## WHAT IS NEEDED:
Leave the pictures out and print every record below exactly as it stands.

[Items from a data source]
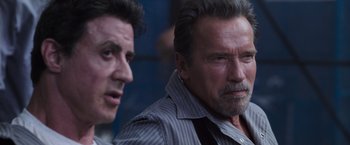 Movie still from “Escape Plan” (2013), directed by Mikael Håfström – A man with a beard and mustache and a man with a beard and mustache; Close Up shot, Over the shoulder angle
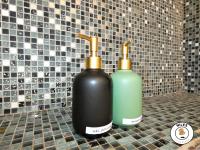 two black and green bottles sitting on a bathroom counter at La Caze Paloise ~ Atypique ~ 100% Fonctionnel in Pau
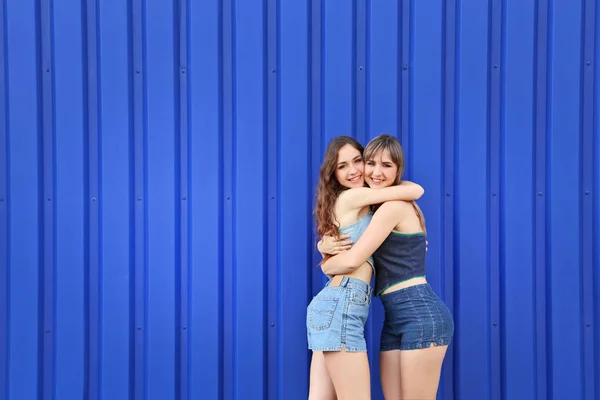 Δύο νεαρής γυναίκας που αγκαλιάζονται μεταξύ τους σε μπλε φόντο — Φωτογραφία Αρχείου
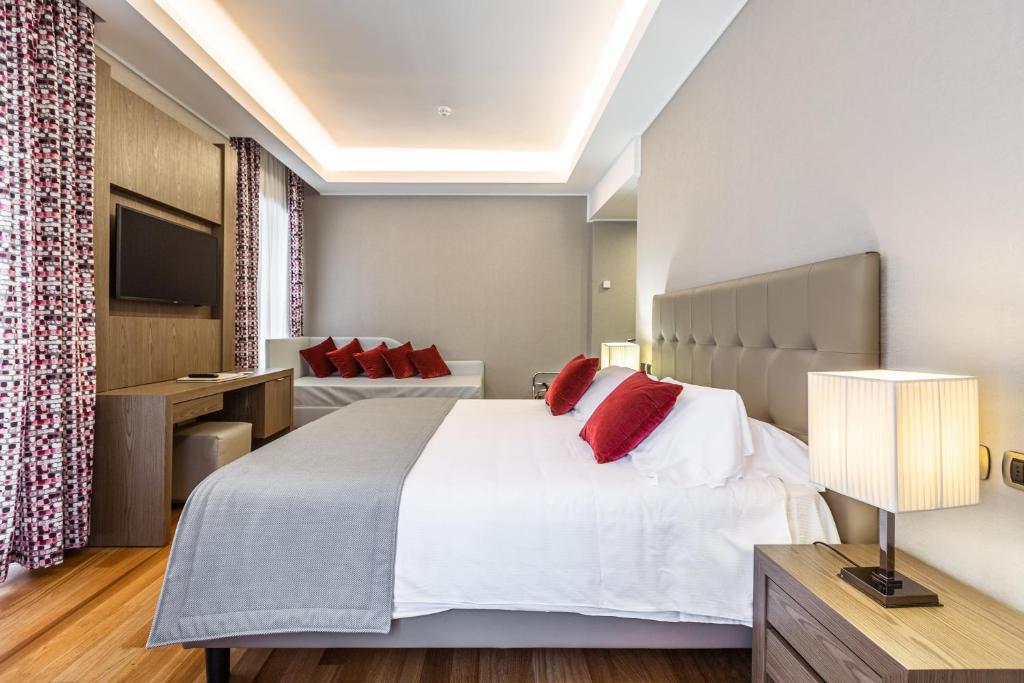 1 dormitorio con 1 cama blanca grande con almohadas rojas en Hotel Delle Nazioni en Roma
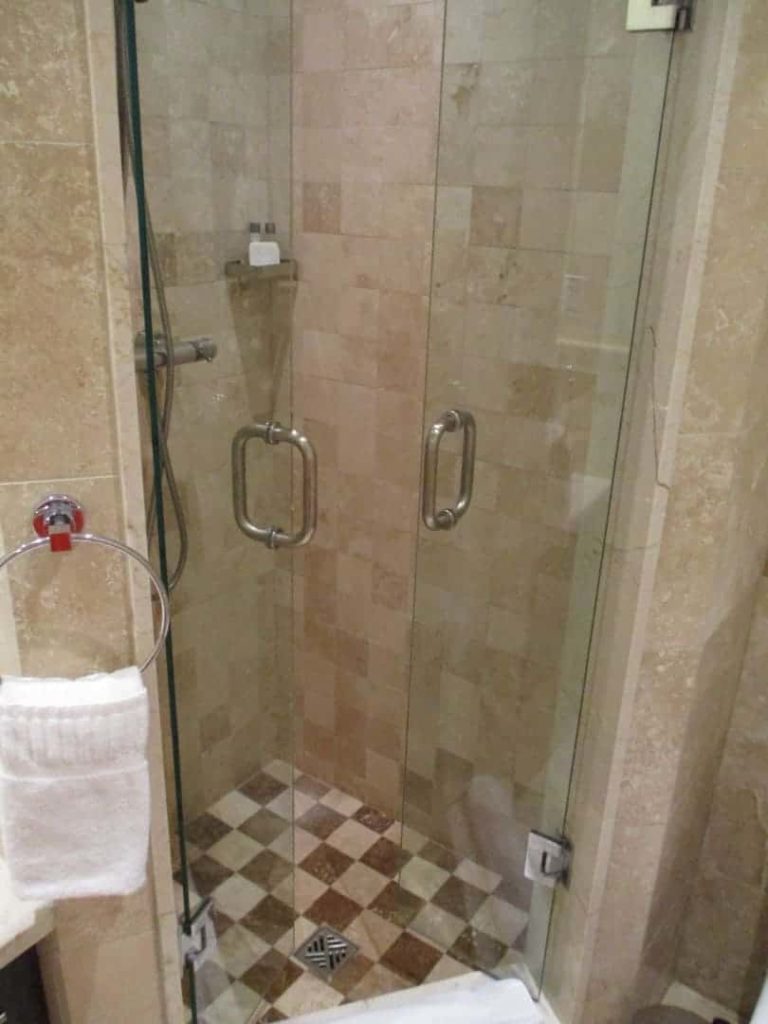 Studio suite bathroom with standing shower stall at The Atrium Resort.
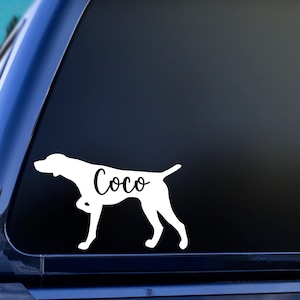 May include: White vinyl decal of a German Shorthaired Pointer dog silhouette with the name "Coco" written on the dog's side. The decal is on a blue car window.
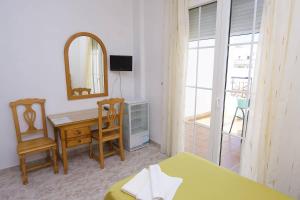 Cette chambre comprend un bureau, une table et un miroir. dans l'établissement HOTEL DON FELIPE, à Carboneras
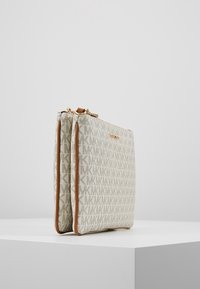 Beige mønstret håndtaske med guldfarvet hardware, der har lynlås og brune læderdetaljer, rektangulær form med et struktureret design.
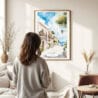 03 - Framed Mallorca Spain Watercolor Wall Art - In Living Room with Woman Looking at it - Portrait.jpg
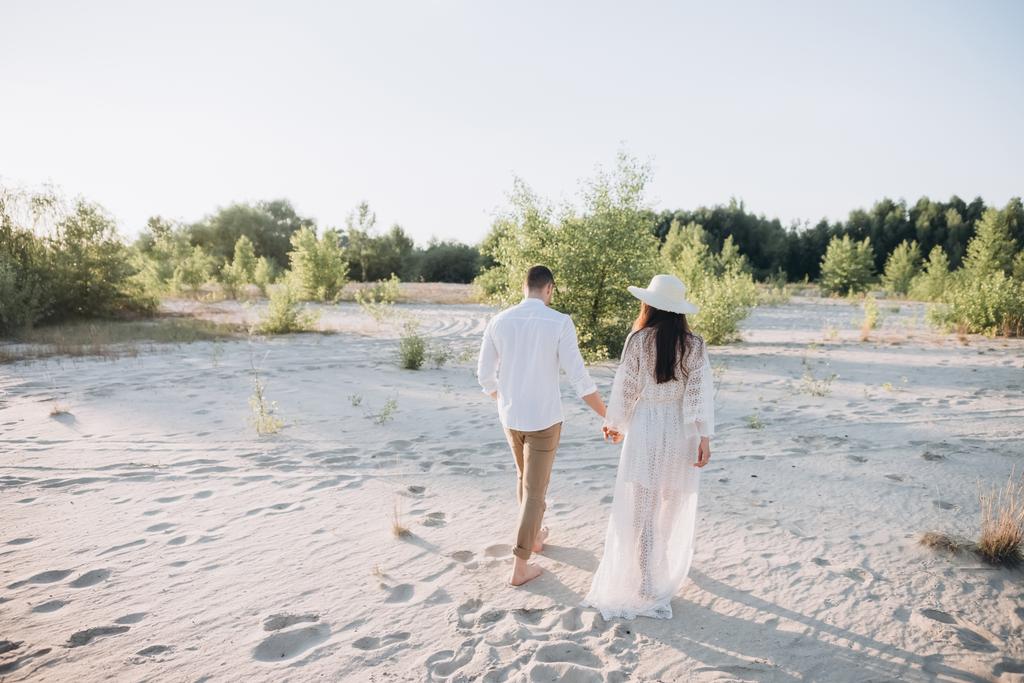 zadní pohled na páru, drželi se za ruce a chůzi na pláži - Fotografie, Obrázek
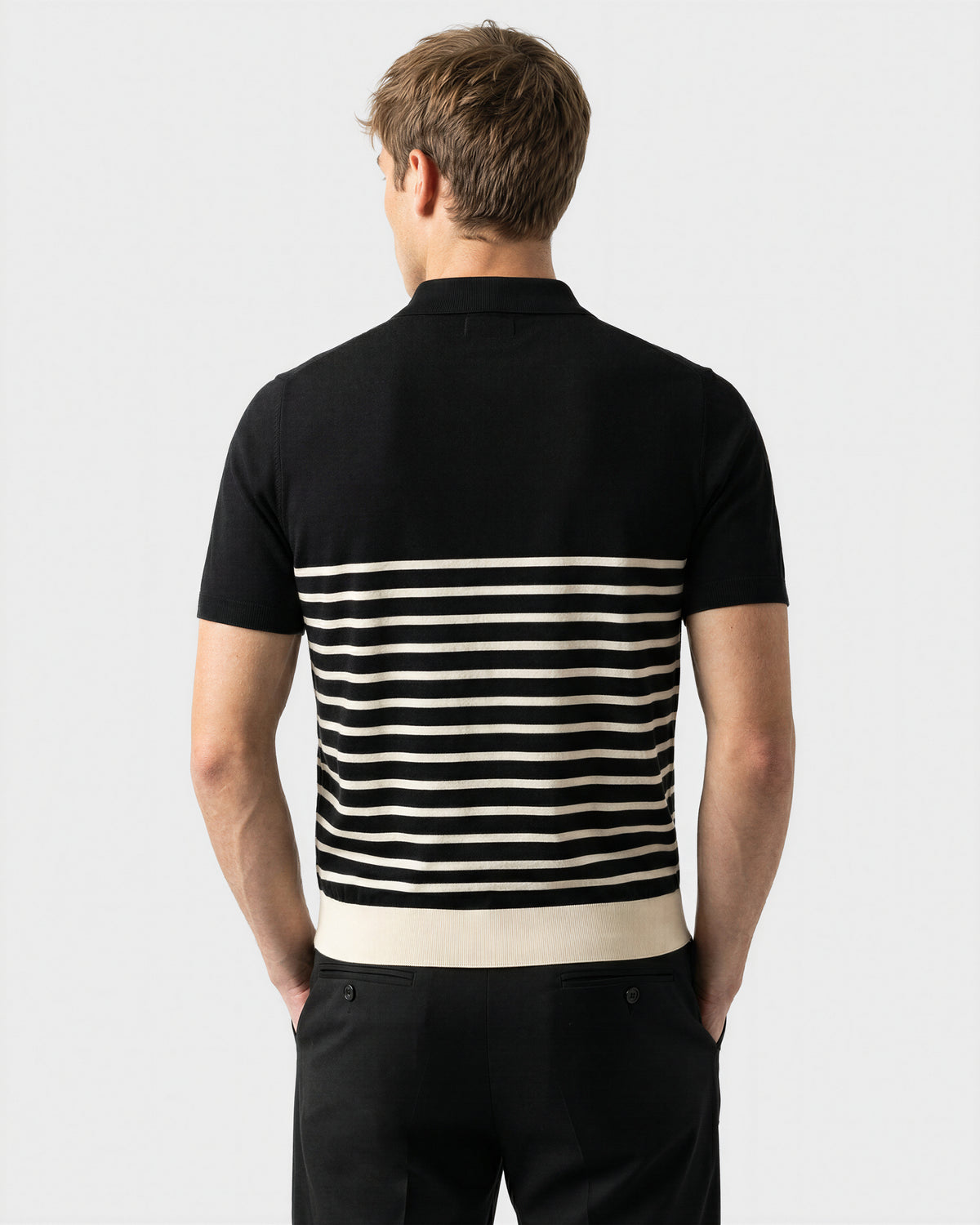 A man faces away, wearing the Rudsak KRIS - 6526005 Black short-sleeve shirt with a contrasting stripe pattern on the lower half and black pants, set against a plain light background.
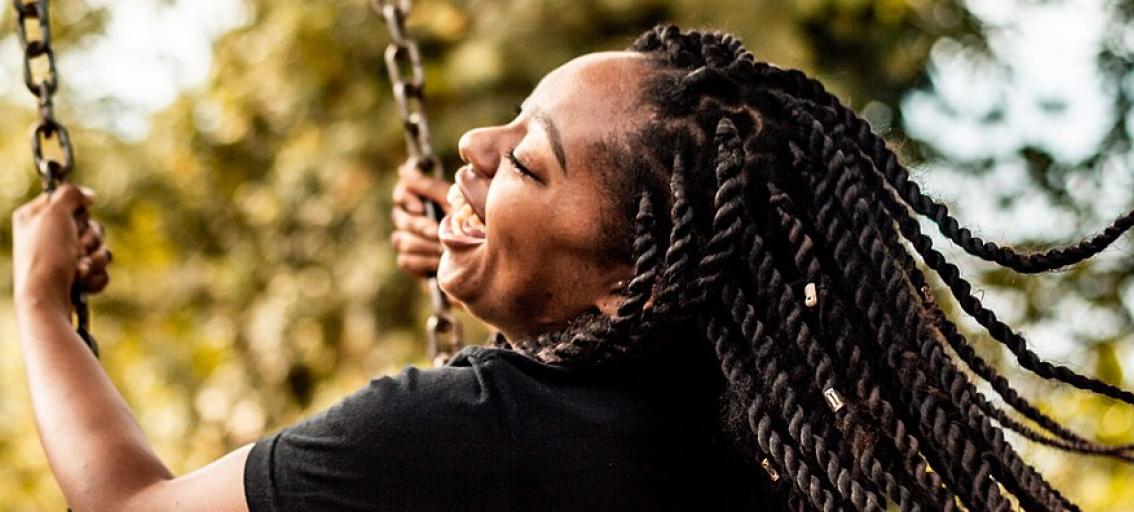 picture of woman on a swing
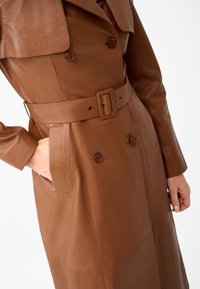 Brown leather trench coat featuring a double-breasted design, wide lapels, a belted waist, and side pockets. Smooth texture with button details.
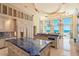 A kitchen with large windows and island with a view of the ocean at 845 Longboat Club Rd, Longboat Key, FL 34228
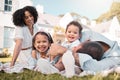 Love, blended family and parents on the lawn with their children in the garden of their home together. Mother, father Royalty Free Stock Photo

## EXERCISE ANSWER:
 Movie still from “Escape Plan” (2013), directed by Mikael Håfström – A man with a beard and mustache and a man with a beard and mustache; Close Up shot, Over the shoulder angle
 two black and green bottles sitting on a bathroom counter at La Caze Paloise ~ Atypique ~ 100% Fonctionnel in Pau
 Δύο νεαρής γυναίκας που αγκαλιάζονται μεταξύ τους σε μπλε φόντο — Φωτογραφία Αρχείου
 1 dormitorio con 1 cama blanca grande con almohadas rojas en Hotel Delle Nazioni en Roma
 Studio suite bathroom with standing shower stall at The Atrium Resort.
 May include: White vinyl decal of a German Shorthaired Pointer dog silhouette with the name "Coco" written on the dog's side. The decal is on a blue car window.
 Cette chambre comprend un bureau, une table et un miroir. dans l'établissement HOTEL DON FELIPE, à Carboneras
 Beige mønstret håndtaske med guldfarvet hardware, der har lynlås og brune læderdetaljer, rektangulær form med et struktureret design.
 03 - Framed Mallorca Spain Watercolor Wall Art - In Living Room with Woman Looking at it - Portrait.jpg
 zadní pohled na páru, drželi se za ruce a chůzi na pláži - Fotografie, Obrázek
 A man faces away, wearing the Rudsak KRIS - 6526005 Black short-sleeve shirt with a contrasting stripe pattern on the lower half and black pants, set against a plain light background.
 picture of woman on a swing
 Brown leather trench coat featuring a double-breasted design, wide lapels, a belted waist, and side pockets. Smooth texture with button details.
 A kitchen with large windows and island with a view of the ocean at 845 Longboat Club Rd, Longboat Key, FL 34228
 Love, blended family and parents on the lawn with their children in the garden of their home together. Mother, father Royalty Free Stock Photo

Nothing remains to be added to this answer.